GARRETSON, S.D. (KELO) — Cody Linneweber of Garretson received news of a positive COVID-19 diagnosis the day after Thanksgiving and went into cardiac arrest on the last day of November.
“They were on the phone with my wife, saying they could, they were doing everything they could to get me back, and after 18 minutes they got a pulse back, and they intubated me and put me in ICU,” Cody Linneweber said.
“It feels so amazing to have him here with me,” Cody’s wife M’Lynn Linneweber said.
“I’m on the fire department, and I had been to calls where we have cardiac arrest victims, and you see what they’re going through and then you wake up,” Cody Linneweber said. “And I hit the call button for the nurse, and I’m like, ‘what happened?’ and she told me what happened, and I just couldn’t even believe it.”
Cody’s cardiologist Dr. Tom Stys explains that Cody went into cardiac arrest because of COVID-19.

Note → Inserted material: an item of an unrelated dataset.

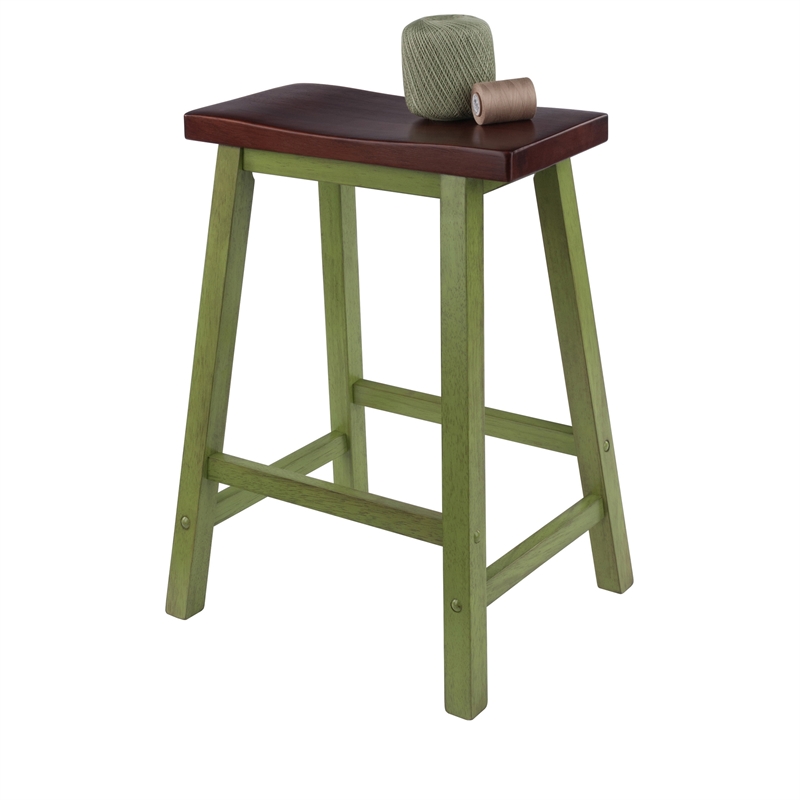 Satori Saddle Seat Counter Stool Rustic Green and Walnut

“Cody is back to normal, so I expect him to live like a normal person,” Stys said.
Stys says COVID-19 can bring about heart failure as well as have a secondary impact on heart health.
“We have noticed since the pandemic that patients neglect to see early signs of heart problems,” Stys said. “They’re either neglecting them because they’re so overthinking the COVID situation, or they are basically afraid to leave their house, afraid to come to health care institution, afraid to see the doctor to get further help.”
Cody, who teaches for the Brandon Valley School District and is the Garretson Volunteer Fire Department’s secretary, is feeling thankful following his experience around Thanksgiving.
“Be grateful for what you have, and I’m only 30 years old, and I’m in the hospital, and I’m seeing these people in this cardiac unit and these ICU units,” Linneweber said. “And I’m 30 years old, and I went into cardiac arrest from this stuff, and it makes you really feel grateful for what you have, it really does.”